# ACTIVITY
Starting with the line that contains "Before and after", give again exactly and only each line through the end of the records; include the last line and exclude pictures.

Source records
=== Begin Enclosure ===

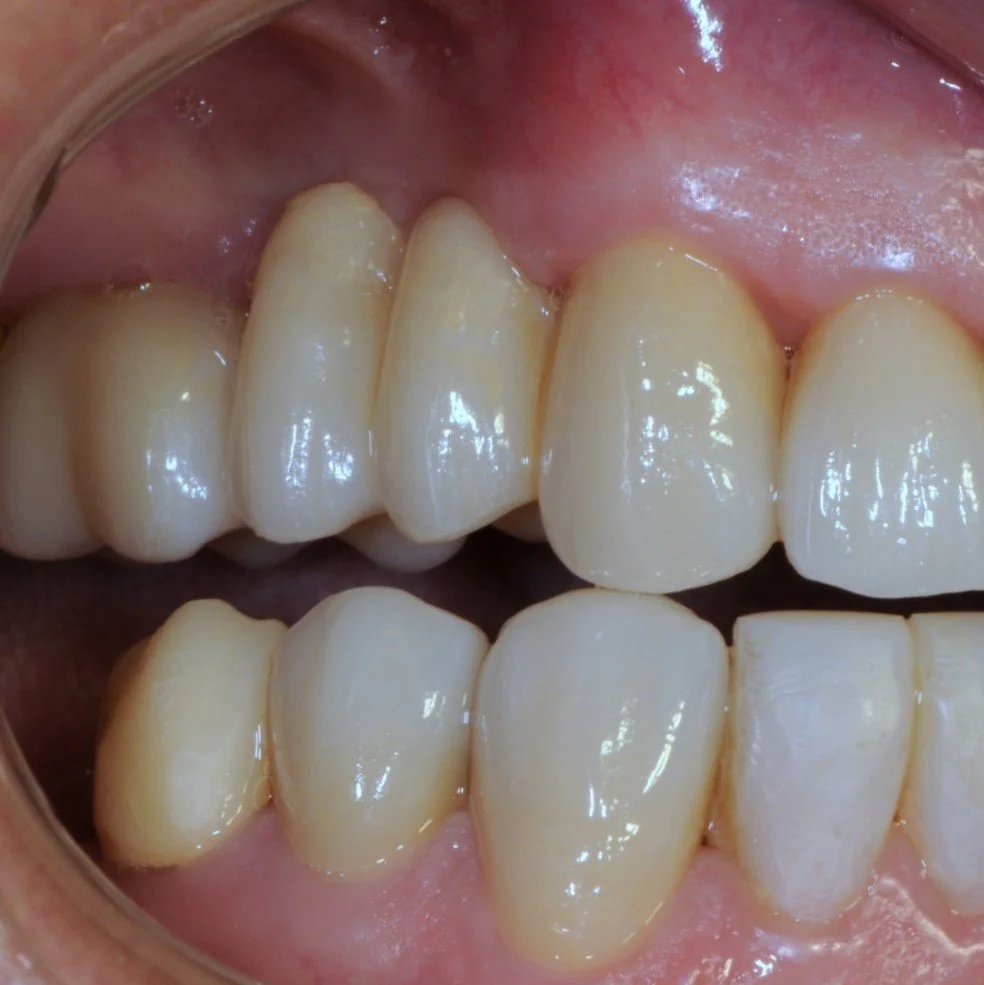 Close-up of upper and lower teeth, showing dental alignment and condition inside a mouth.
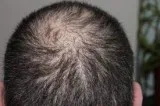 Best baldness treatment from advanced hair studio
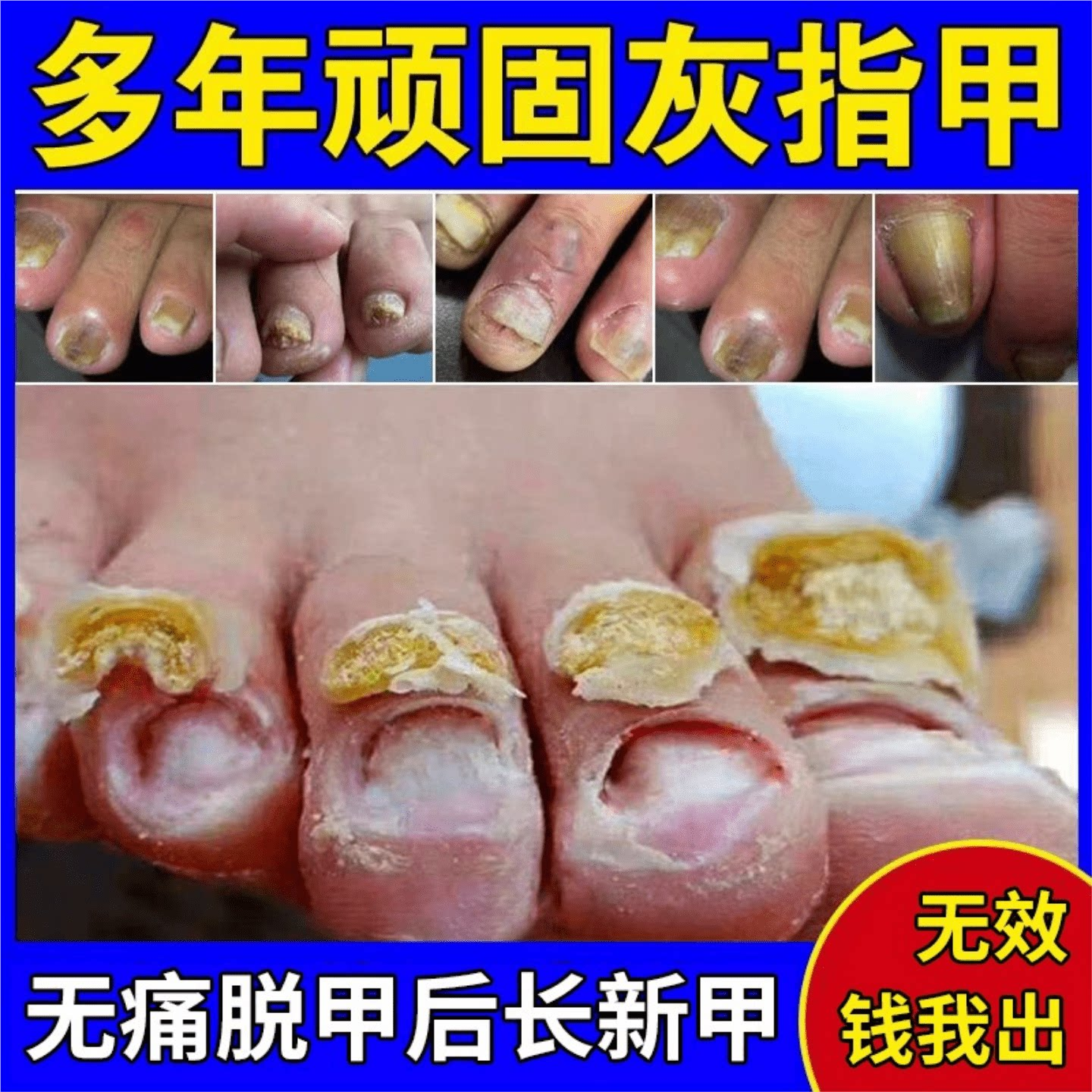 脱甲膏灰指甲专用抑菌液去甲沟炎快速无痛脱甲精油灰趾指甲软化膏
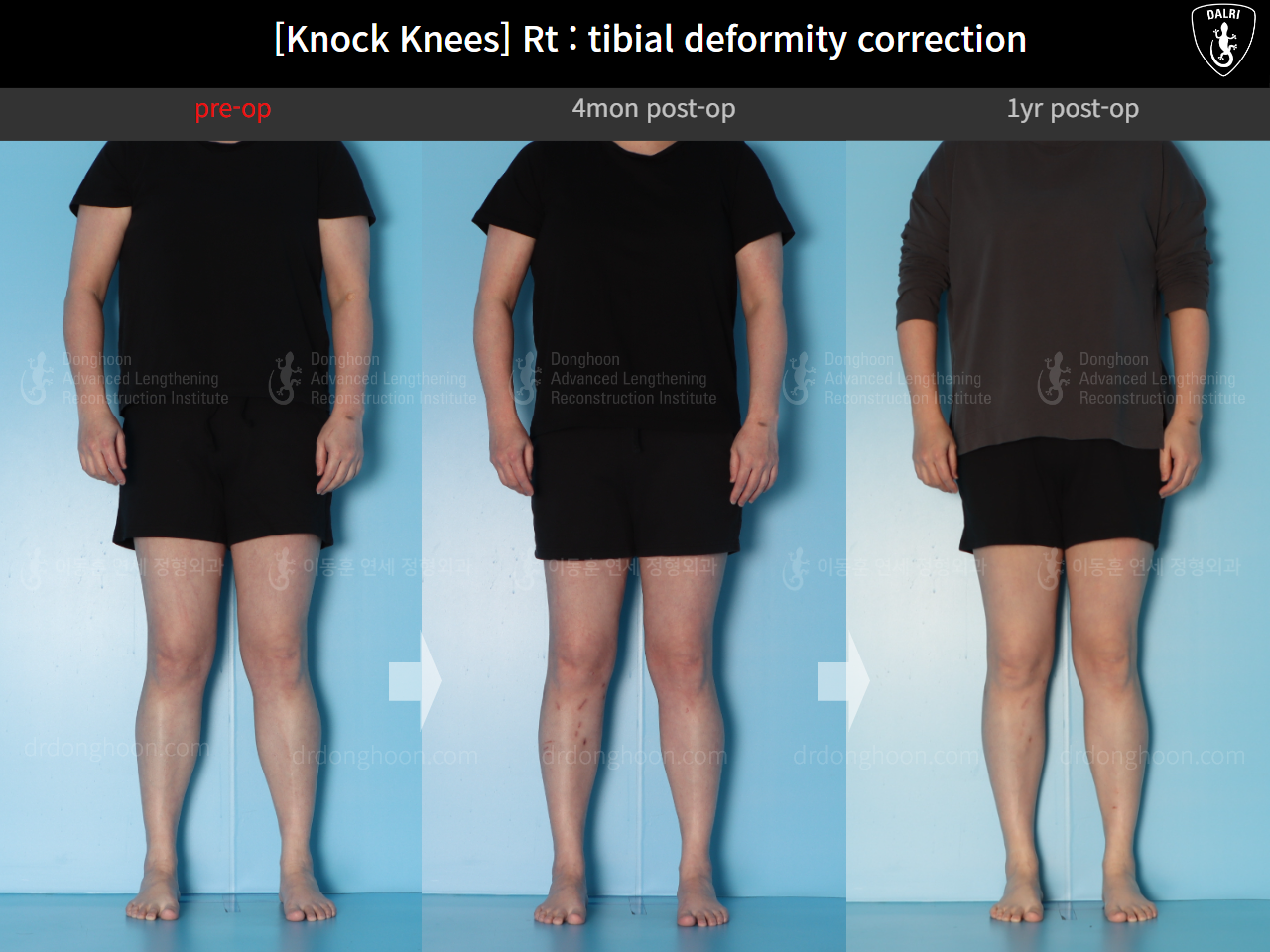 Before and after adult knock knees, case 18411627, image 3, Dr. Donghoon institute (DALRI)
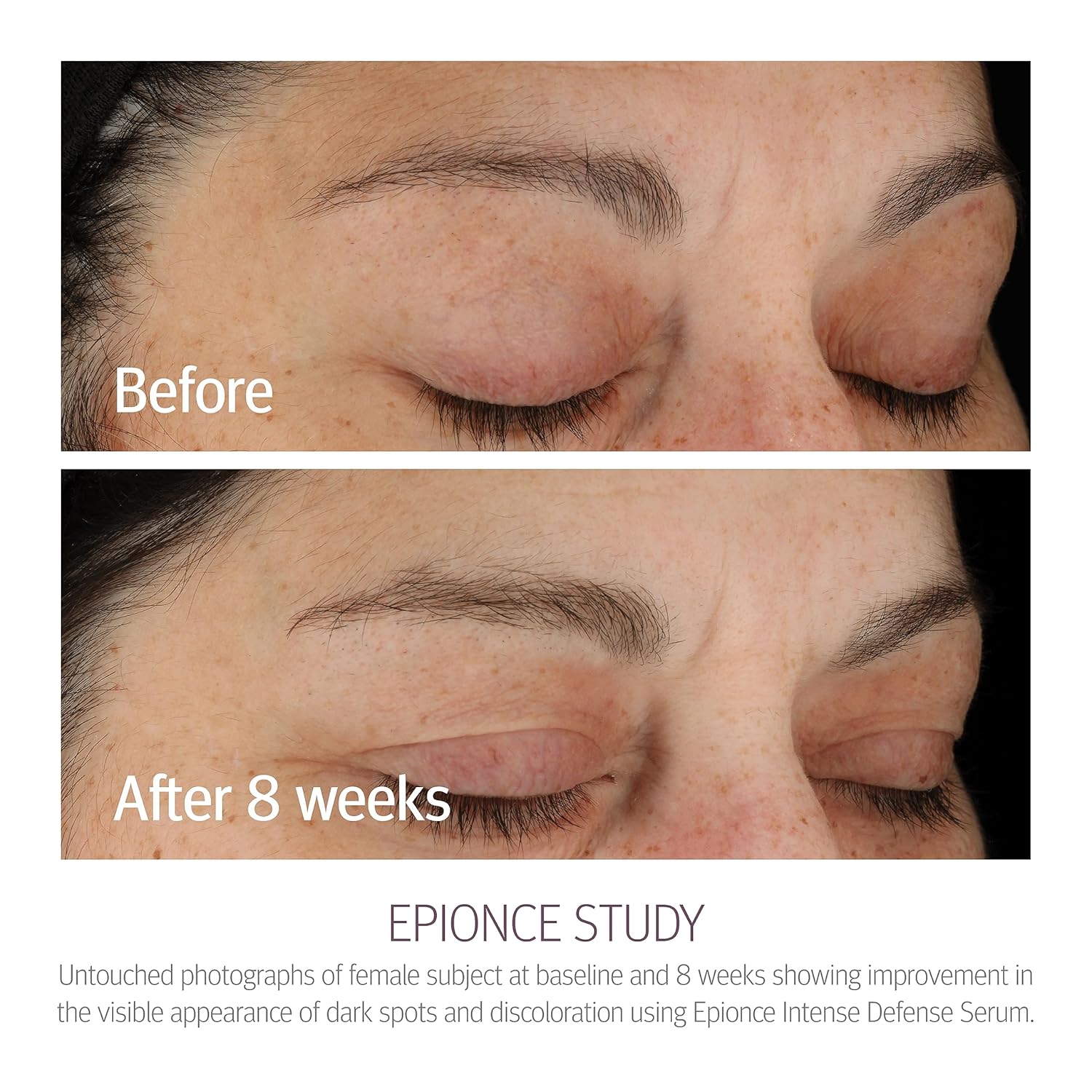 Epionce Intense Defense Serum - Anti-Aging Facial Serum with Vitamin C, Vitamin E, Vitamin D, A, B,  Niacinamide, Dermatologist Skincare · v6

=== End Enclosure ===

# EXERCISE ANSWER
 Before and after adult knock knees, case 18411627, image 3, Dr. Donghoon institute (DALRI)
 Epionce Intense Defense Serum - Anti-Aging Facial Serum with Vitamin C, Vitamin E, Vitamin D, A, B,  Niacinamide, Dermatologist Skincare · v6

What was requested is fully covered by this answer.